** Opening PROVIDED DATA block **

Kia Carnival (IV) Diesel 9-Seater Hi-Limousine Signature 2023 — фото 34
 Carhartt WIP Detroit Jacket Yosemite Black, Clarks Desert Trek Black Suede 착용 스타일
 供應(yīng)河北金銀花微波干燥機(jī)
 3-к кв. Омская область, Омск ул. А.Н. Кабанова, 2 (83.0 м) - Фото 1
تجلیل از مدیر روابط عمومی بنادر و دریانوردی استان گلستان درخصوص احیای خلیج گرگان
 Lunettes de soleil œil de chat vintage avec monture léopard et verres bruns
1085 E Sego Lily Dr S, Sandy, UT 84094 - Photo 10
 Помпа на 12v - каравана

** Closing PROVIDED DATA block **

● WHAT NEEDS TO BE DONE
Reproduce exactly, with nothing added, the lines from the one that contains "تجلیل از مدیر" to the end of the data.

● SOLUTION
تجلیل از مدیر روابط عمومی بنادر و دریانوردی استان گلستان درخصوص احیای خلیج گرگان
 Lunettes de soleil œil de chat vintage avec monture léopard et verres bruns
1085 E Sego Lily Dr S, Sandy, UT 84094 - Photo 10
 Помпа на 12v - каравана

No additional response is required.